----- INFORMATION PROVIDED -----
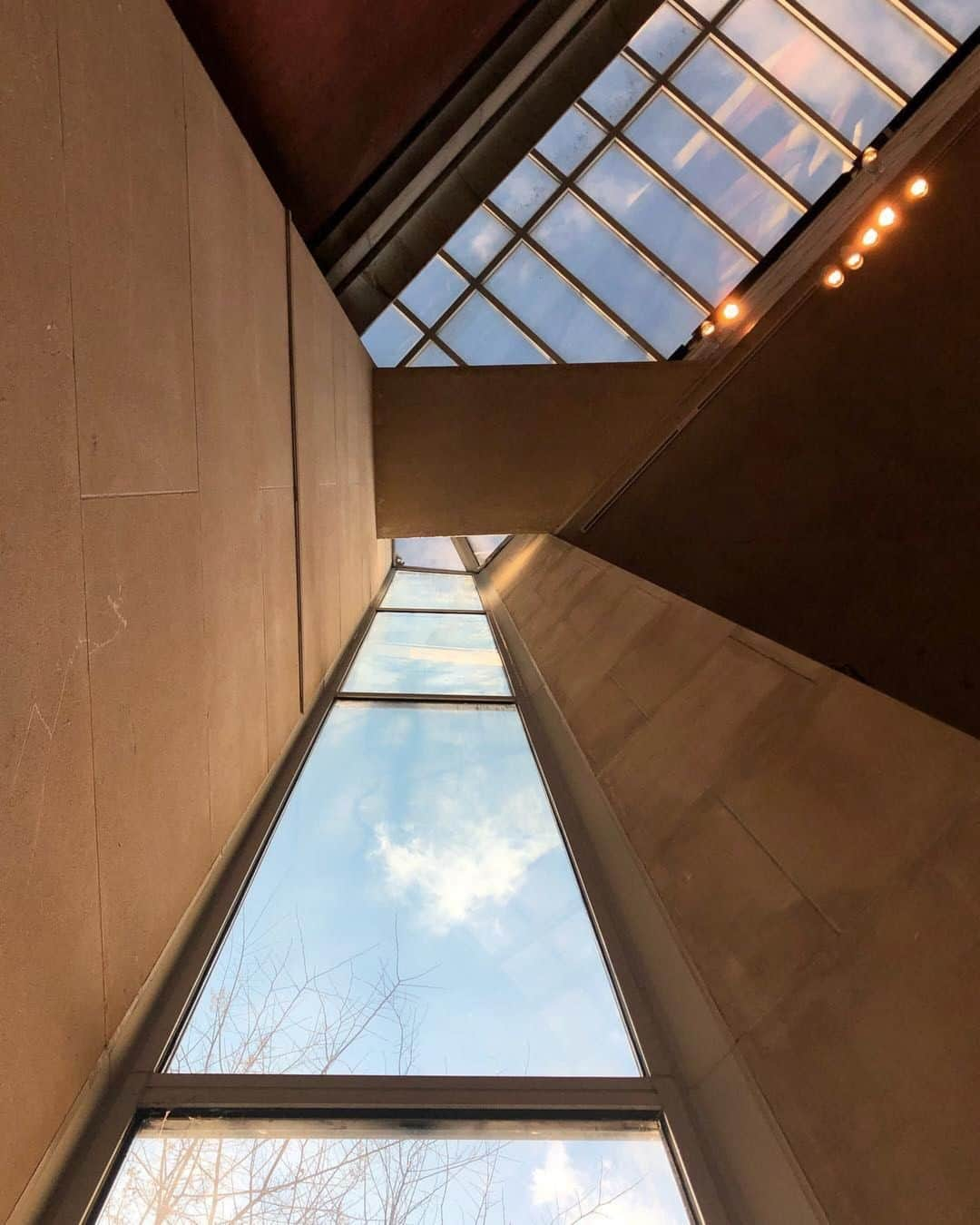 メトロポリタン美術館さんのインスタグラム写真 - (メトロポリタン美術館Instagram)「Seeing The Met from another perspective through @vassallogabrielle's #MetMoment. 📸 Tag photos of your visit with #MetMoment for a chance to be featured here!」5月4日 23時49分 - metmuseum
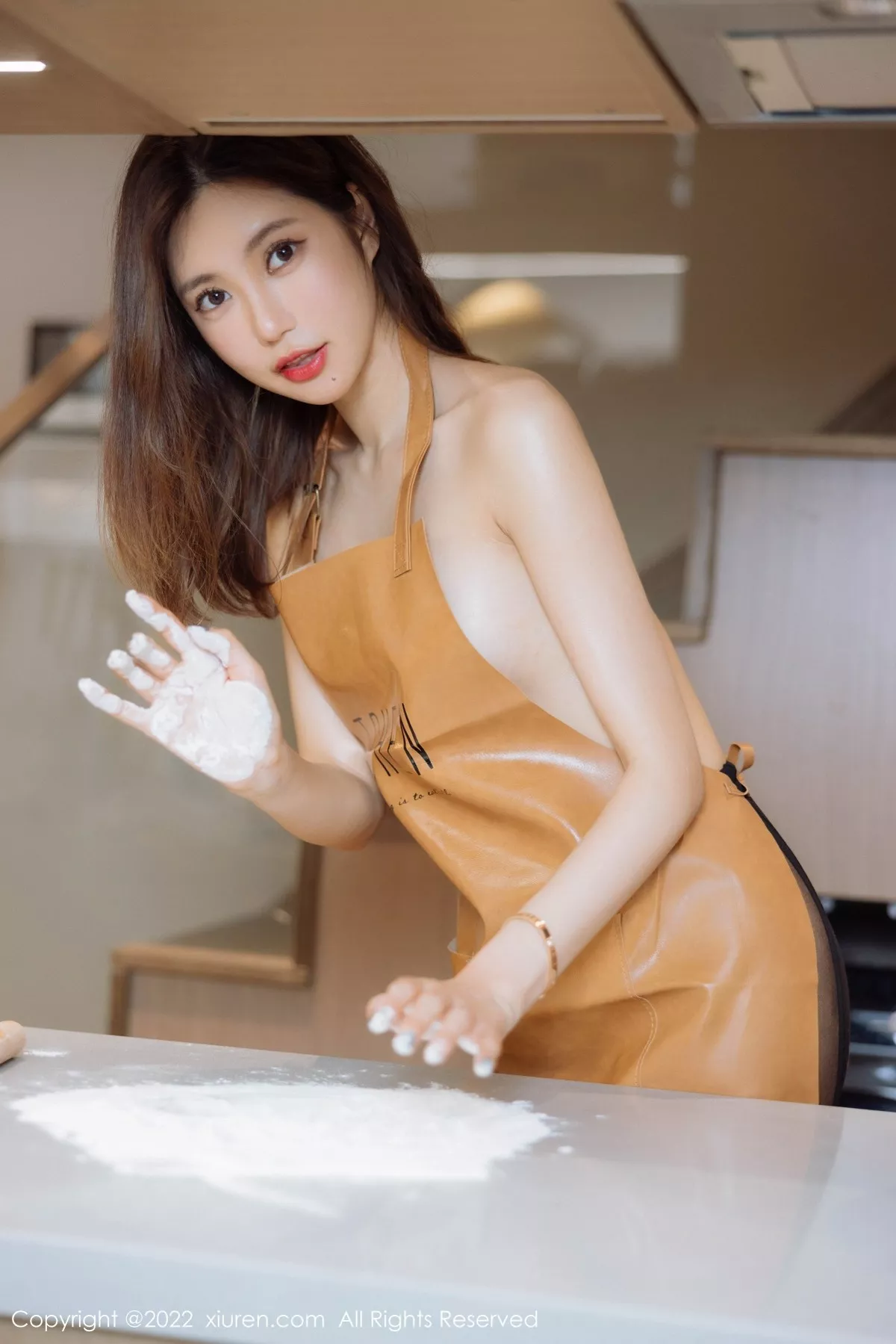 秀人集.com_[XiuRen秀人网]No.5634_女神绮里嘉ula淡粉色连衣短裙+性感真空厨娘围裙撩人诱惑写真63P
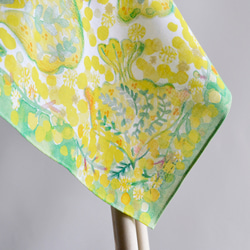 ハンカチ・スカーフ / 幸運を運ぶ黄色い鳥とミモザ / ギフトにも 9枚目の画像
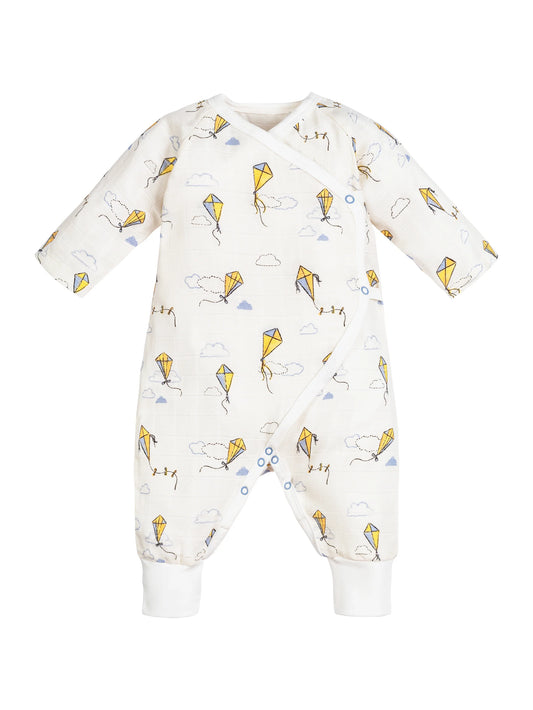 Mono de bebé estilo kimono con broches laterales y estampado de cometas, confeccionado en algodón egipcio 100% orgánico – perfecto para la piel delicada del bebé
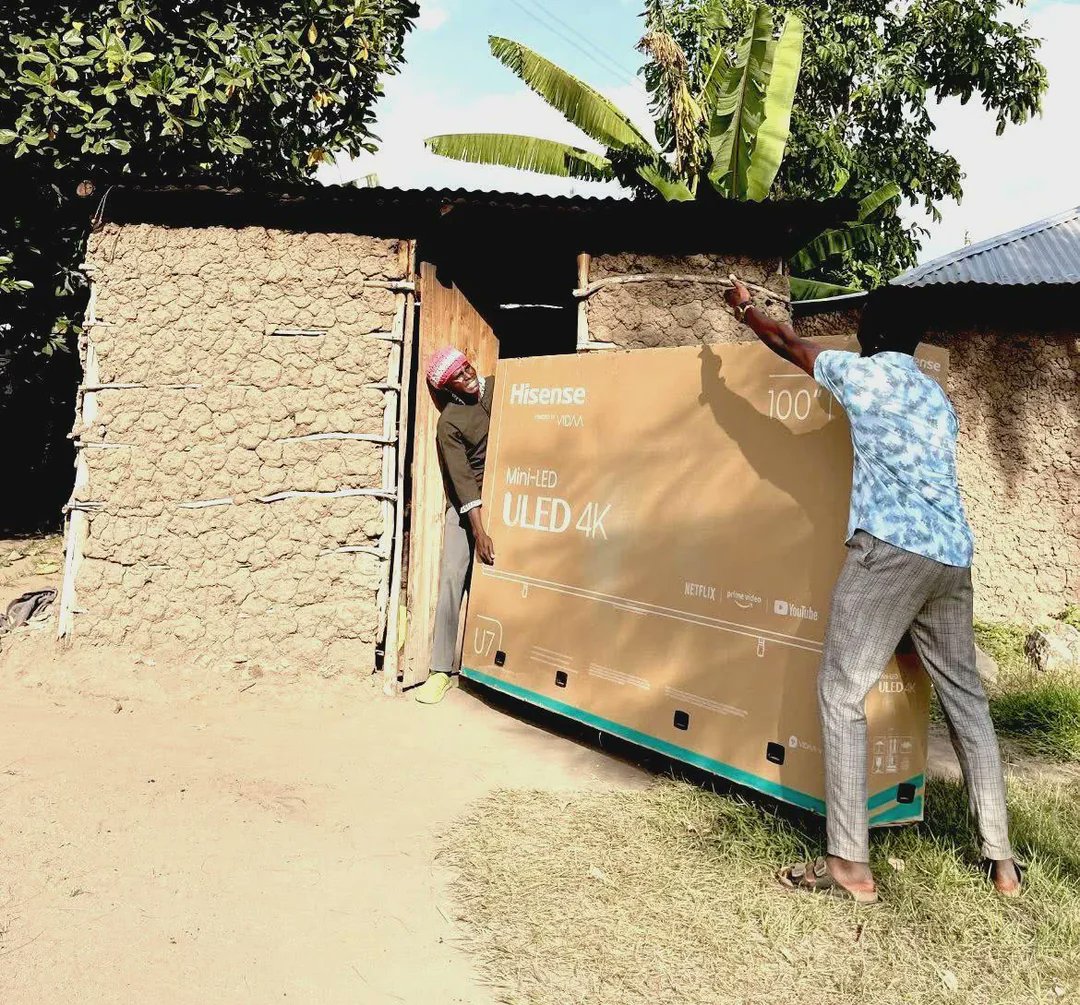 — J'ai vu beaucoup de films avec Rocco Siffredi, et normalement, ça passe crème !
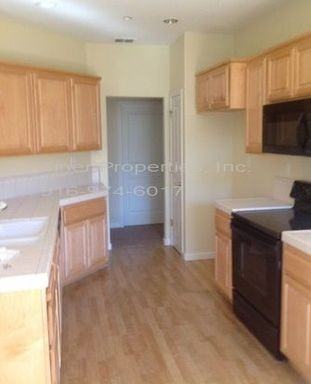 2305 Rebecca Ct - Photo 3 of 16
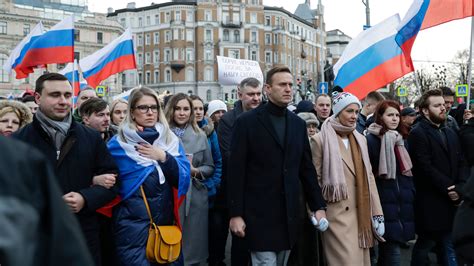 Russian Police Arrest A Top Navalny Ally Lyubov Sobol The New York Times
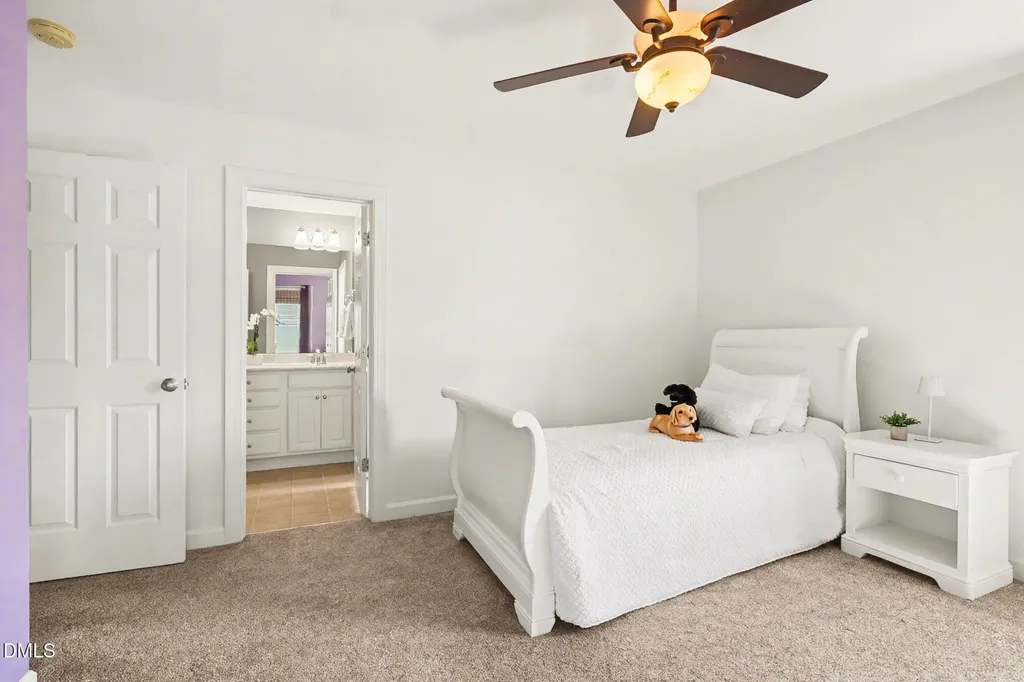 633 Lake Artesia Lane Fuquay Varina NC 27526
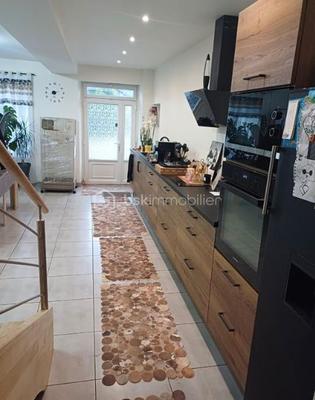 Maison - 110 m² - 4 pièces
-----
### TASK INSTRUCTIONS:
Retype only the lines from the one with "633 Lake Artesia Lane Fuquay Varina NC 27526" through the final line of the entries, please, and keep the pictures out.

### ANSWER FOR THE TASK:
 633 Lake Artesia Lane Fuquay Varina NC 27526
 Maison - 110 m² - 4 pièces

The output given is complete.